Senate Judiciary Immigration Subcommittee Chairman Spencer Abraham, R-Mich., Thursday convened the first in a series of hearings to examine Immigration and Naturalization Service restructuring, while the counterpart subcommittee in the House approved a bill authorizing $82 million to help the agency clear its application backlog.
"I think the [Senate] subcommittee needs to take a step back and to start with first principles before determining exactly how the immigration functions performed by the government should best be organized," Abraham said.
Abraham has not endorsed any proposal and will most likely introduce his own plan early next year, an aide said. Future Senate hearings are planned to examine the agency's enforcement function.
During the Senate hearing, which focused on the agency's record of customer service for immigrants, INS Commissioner Doris Meissner outlined her agency's proposal to divide its now- combined service and enforcement operations into separate "chains of command" that would be coordinated at the top of the INS.
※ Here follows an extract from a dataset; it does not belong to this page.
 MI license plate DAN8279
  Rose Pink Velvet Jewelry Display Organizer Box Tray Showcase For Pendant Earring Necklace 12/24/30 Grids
"The issue of customer service has not gotten as much attention as it deserves," Meissner said.
Meissner acknowledged her agency's great backlog in cases and cited "an avalanche of applications" that followed a new law implemented in 1995, which allowed people to adjust their status through INS rather than through State Department consulates.
She said overhauling the naturalization process has made the delays worse, but said the INS has made progress with new fingerprinting centers, phone centers and other improvements. However, she added that the INS' service function continues to operate understaffed and underfunded.
The INS restructuring proposal would replace regional and district INS offices with local offices charged with a singular purpose.
In addition to the INS plan, House Judiciary Immigration and Claims Subcommittee Chairman Lamar Smith, R-Texas, also is considering separate and more far-reaching proposals sponsored by Reps. Harold Rogers, R-Ky., and Silvestre Reyes, D-Texas.
On Thursday, Smith's subcommittee by a party-line 5-2 vote approved $82 million in additional funds to help the INS clear its backlog of processing in applications, while also requiring the INS to verify the good moral character of applicants.